To maximize registry reliability, Windows can use transaction logs when performing writes to registry files. The logs act as journals that store data being written to the registry before it is written to hive files. Transaction logs are used when registry hives cannot directly be written due to locking or corruption.

Transaction logs are written to files in the same directory as their corresponding registry hives. They use the same filename as the hive with a .LOG extension. Windows may use multiple logs in which case .LOG1 and .LOG2 extensions will be used.

For more details about the transaction log format, see this GitHub page.

Registry transaction logs were first introduced in Windows 2000. In the original transaction log format data is always written at the start of the transaction log. A bitmap is used to indicate what pages are present in the log, and pages follow in order. Because the start of the file is frequently overwritten, it is very difficult to recover old data from these logs. Since different amounts of data will be written to the transaction log on each use, it is possible for old pages to remain in the file across multiple uses. However, the location of each page will have to be inferred by searching for similar pages in the current hive, and the probability of consistent data recovery is very small.
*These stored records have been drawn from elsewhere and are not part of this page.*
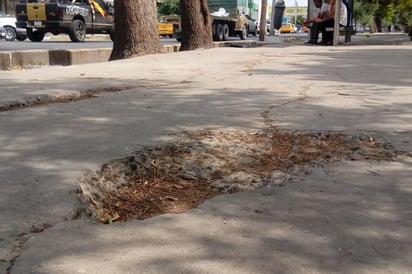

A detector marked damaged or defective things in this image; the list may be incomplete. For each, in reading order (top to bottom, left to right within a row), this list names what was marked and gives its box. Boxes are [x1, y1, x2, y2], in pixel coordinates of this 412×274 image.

broken concrete edge [0, 40, 260, 71]
pothole in sidewalk [75, 128, 394, 223]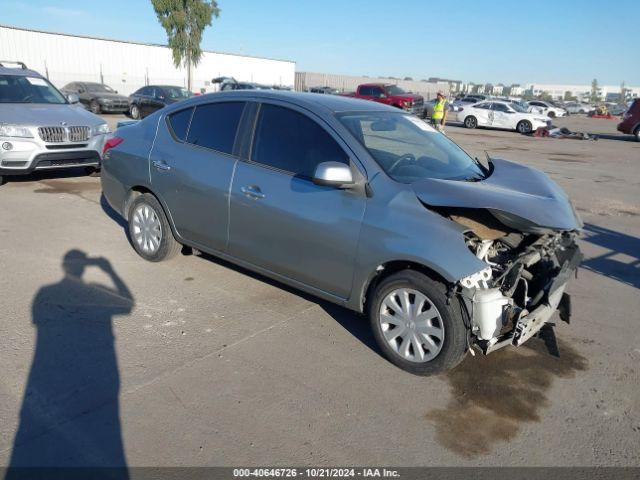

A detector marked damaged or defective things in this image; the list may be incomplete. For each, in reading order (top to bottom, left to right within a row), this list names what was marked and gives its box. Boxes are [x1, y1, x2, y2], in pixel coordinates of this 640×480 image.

crumpled hood [0, 103, 104, 126]
crumpled hood [412, 158, 584, 232]
damaged front end [450, 208, 580, 354]
detached front bumper [462, 242, 584, 354]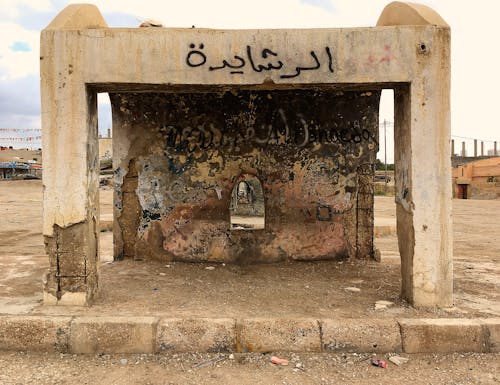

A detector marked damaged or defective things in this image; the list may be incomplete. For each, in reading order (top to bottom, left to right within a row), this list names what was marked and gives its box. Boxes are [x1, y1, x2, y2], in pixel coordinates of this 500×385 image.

peeling plaster wall [112, 89, 378, 262]
abandoned bus stop shelter [40, 2, 454, 306]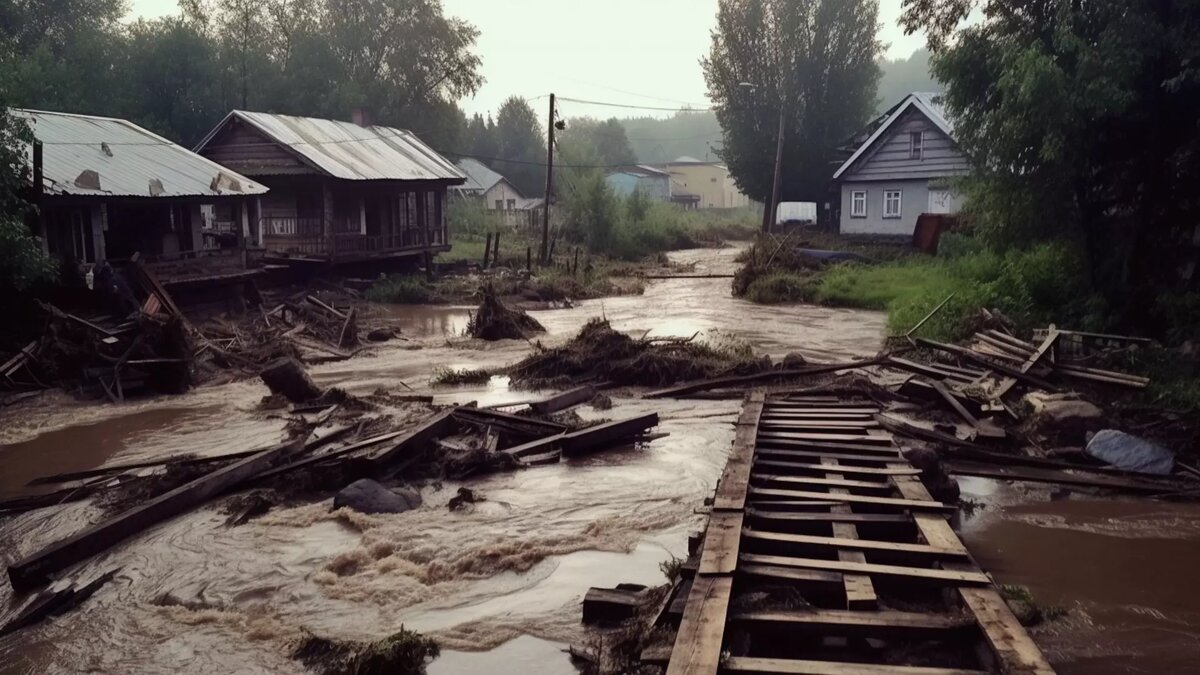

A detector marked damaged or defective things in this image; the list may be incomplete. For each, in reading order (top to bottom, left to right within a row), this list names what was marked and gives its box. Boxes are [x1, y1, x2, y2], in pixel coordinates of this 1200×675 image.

rusty metal roof [14, 107, 268, 196]
rusty metal roof [204, 111, 465, 182]
broken wooden bridge [652, 389, 1056, 672]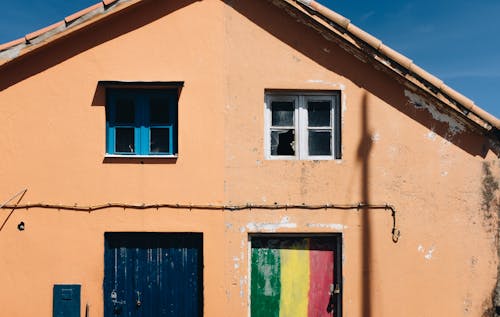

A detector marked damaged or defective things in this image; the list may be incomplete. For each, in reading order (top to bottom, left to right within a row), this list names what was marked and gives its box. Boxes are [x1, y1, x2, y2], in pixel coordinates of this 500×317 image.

broken window [266, 92, 340, 159]
chipped paint [406, 89, 464, 135]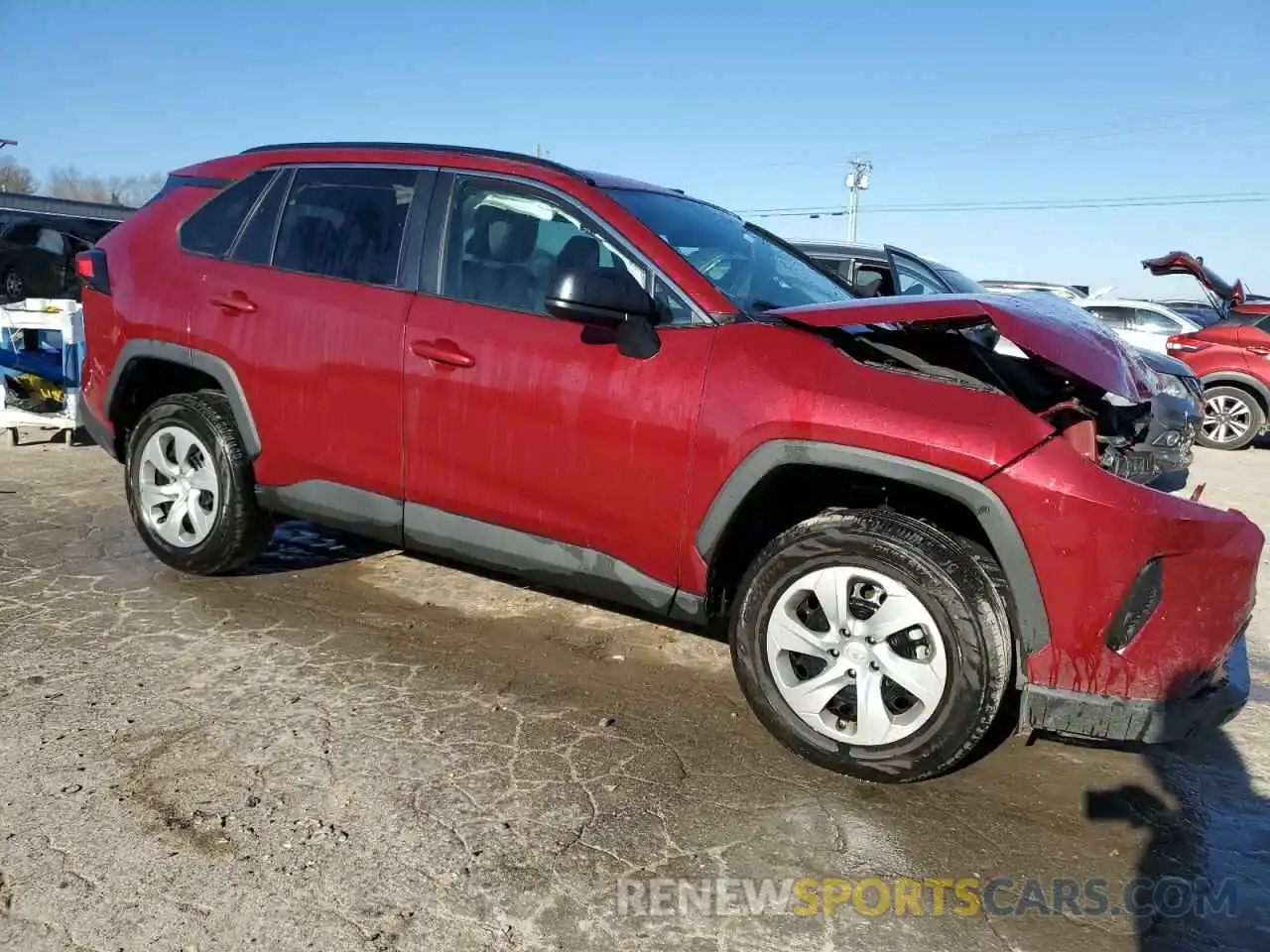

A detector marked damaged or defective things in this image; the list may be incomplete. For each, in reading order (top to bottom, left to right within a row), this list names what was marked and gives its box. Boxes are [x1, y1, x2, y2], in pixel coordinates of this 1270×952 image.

cracked concrete surface [2, 436, 1270, 944]
damaged red car [76, 143, 1262, 781]
crumpled hood [770, 296, 1159, 403]
damaged red car [1143, 249, 1270, 450]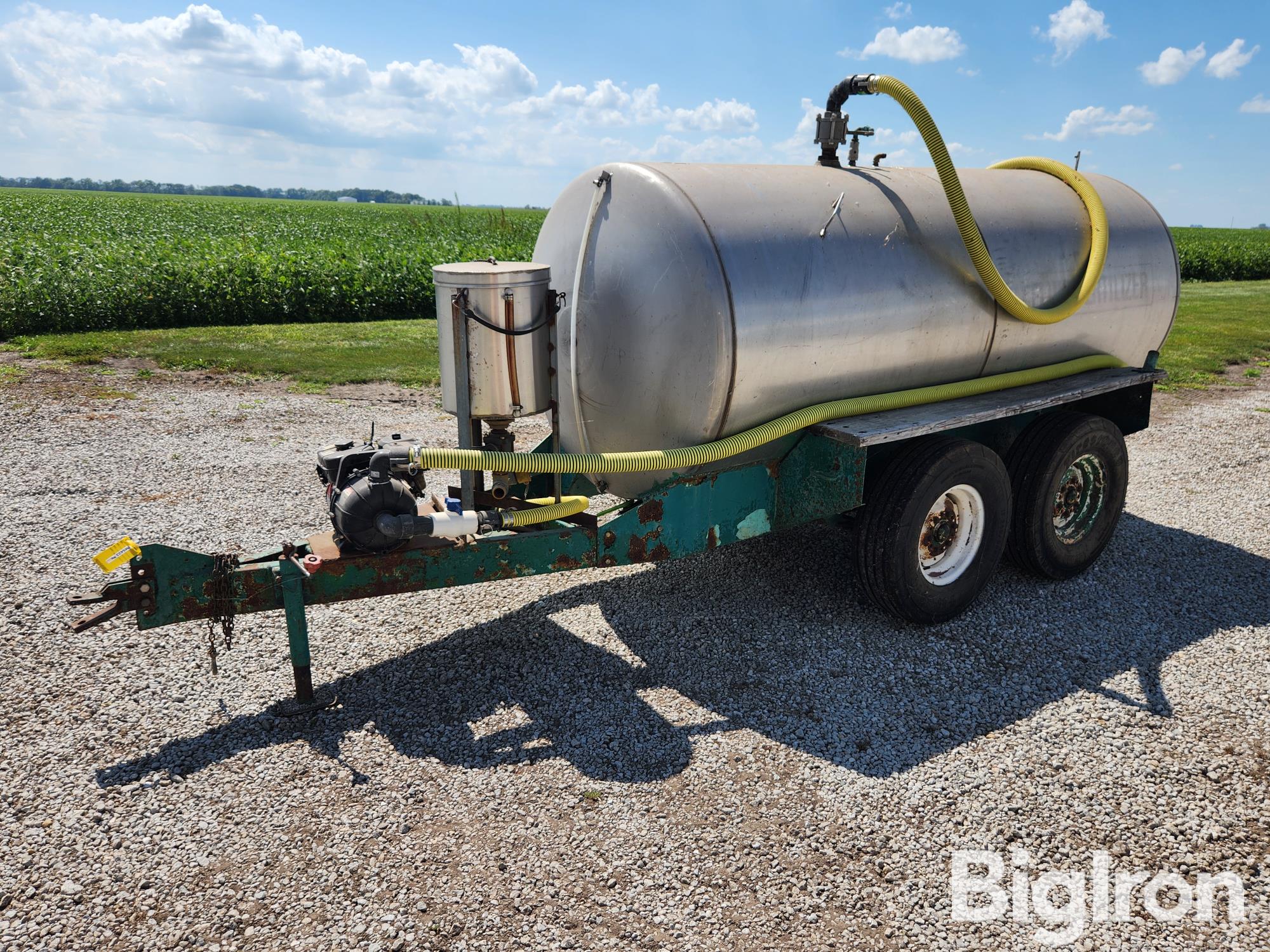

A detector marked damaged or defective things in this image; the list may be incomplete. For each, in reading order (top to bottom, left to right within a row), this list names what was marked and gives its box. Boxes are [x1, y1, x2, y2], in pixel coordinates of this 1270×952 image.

chipped paint [737, 510, 772, 541]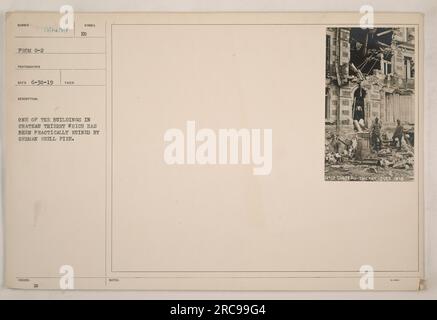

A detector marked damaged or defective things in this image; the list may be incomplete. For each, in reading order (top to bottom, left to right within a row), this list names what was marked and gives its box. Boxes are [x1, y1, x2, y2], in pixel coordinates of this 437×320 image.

damaged stone building [326, 26, 414, 128]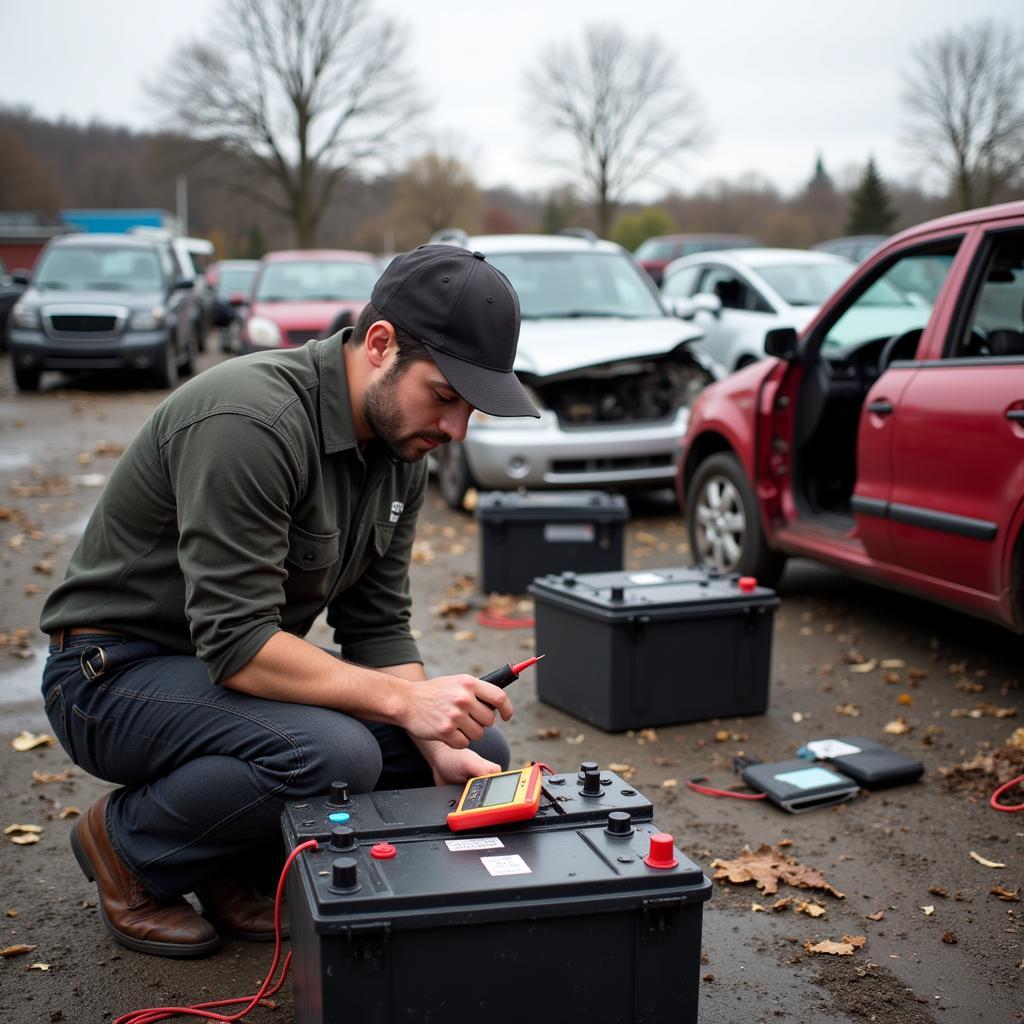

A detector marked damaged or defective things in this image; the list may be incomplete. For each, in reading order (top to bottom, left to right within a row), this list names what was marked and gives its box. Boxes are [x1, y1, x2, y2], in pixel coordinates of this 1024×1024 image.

crumpled hood [512, 315, 704, 380]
A new registry transaction log format was introduced with Windows 8.1. Although the new logs are used in the same fashion, they have a different format. The new logs work like a ring buffer where the oldest data in the log is overwritten by new data. Each entry in the new log format includes a sequence number as well as registry offset making it easy to determine the order of writes and where the pages were written. Because of the changed log format, data is overwritten much less frequently, and old transactions can often be recovered from these log files.

The amount of data that can be recovered depends on registry activity. A sampling of transaction logs from real world systems showed a range of recoverable data from a few days to a few weeks. Real world recoverability can vary considerably. Registry-heavy operations, such as Windows Update, can significantly reduce the recoverable range.

Although the new log format contains more recoverable information, turning a set of registry pages into useful data is quite tricky. First, it requires keeping track of all pages in the registry and determining what might have changed in a particular write. It also requires determining if that change resulted in something that is not present in later revisions of the hive to assess whether or not it contains unique data.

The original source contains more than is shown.